=== Input data ===
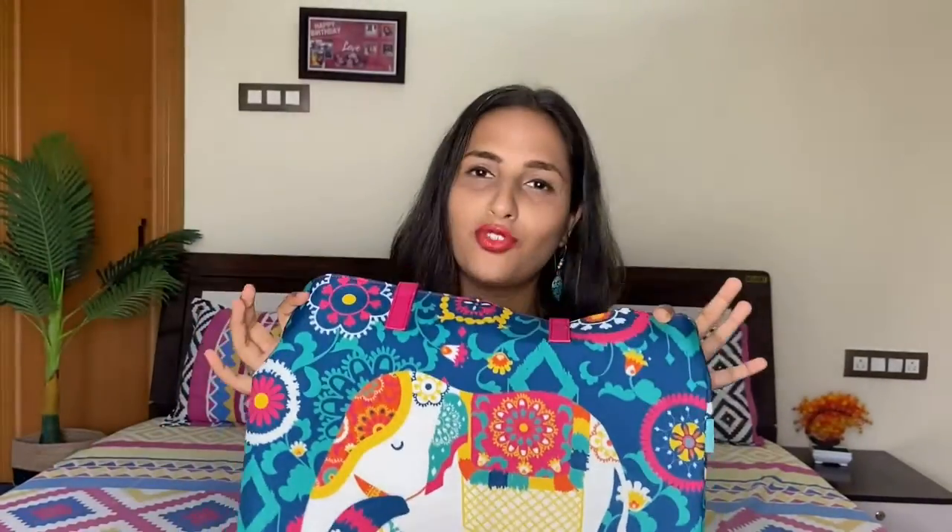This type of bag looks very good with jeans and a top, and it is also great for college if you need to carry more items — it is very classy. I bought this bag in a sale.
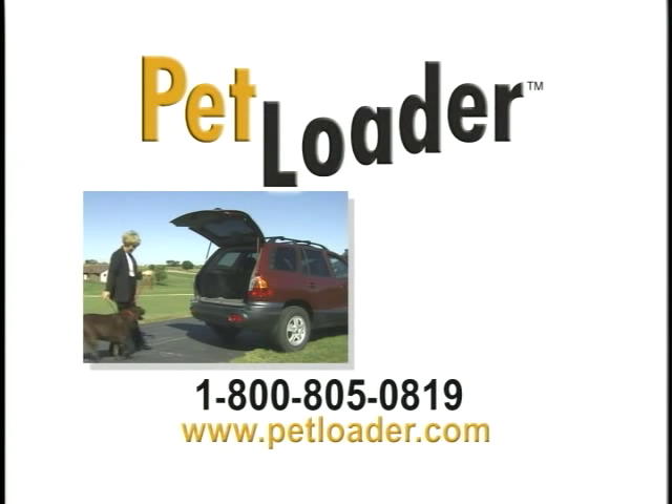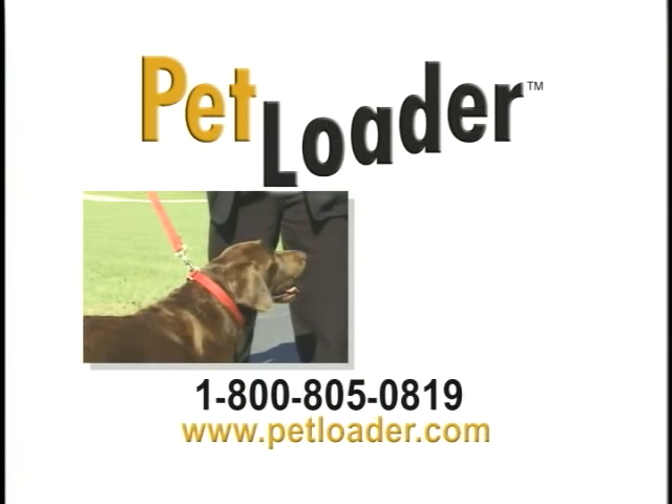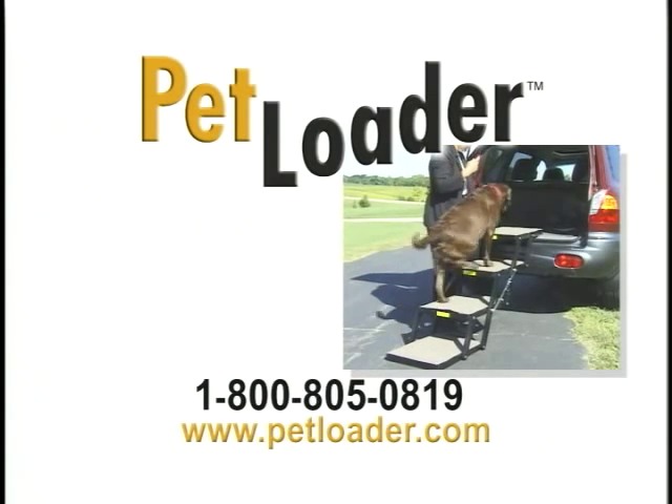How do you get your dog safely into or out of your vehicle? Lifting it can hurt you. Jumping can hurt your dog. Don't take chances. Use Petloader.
* * *
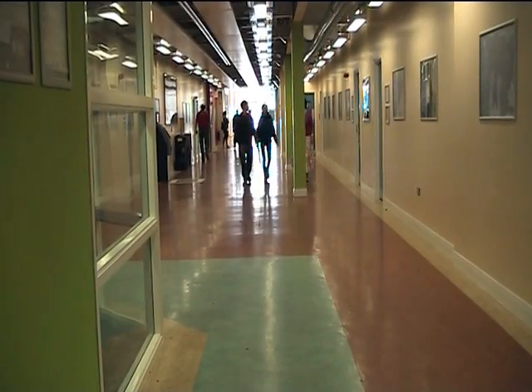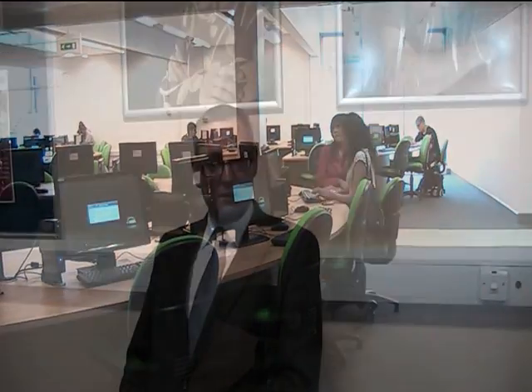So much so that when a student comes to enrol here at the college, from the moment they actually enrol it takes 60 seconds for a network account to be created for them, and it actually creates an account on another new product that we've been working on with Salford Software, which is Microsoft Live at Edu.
==
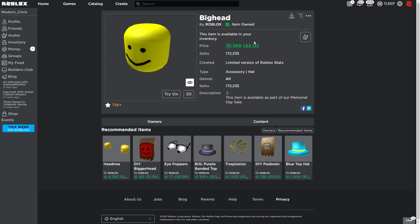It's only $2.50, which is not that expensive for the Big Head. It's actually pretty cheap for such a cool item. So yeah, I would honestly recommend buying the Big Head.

=== Goal of the exercise ===
What is needed is an exact copy of only the lines above from the one with "This type of" to the one with "How do you get", both kept, with every picture left out.

=== Final answer ===
This type of bag looks very good with jeans and a top, and it is also great for college if you need to carry more items — it is very classy. I bought this bag in a sale.
How do you get your dog safely into or out of your vehicle? Lifting it can hurt you. Jumping can hurt your dog. Don't take chances. Use Petloader.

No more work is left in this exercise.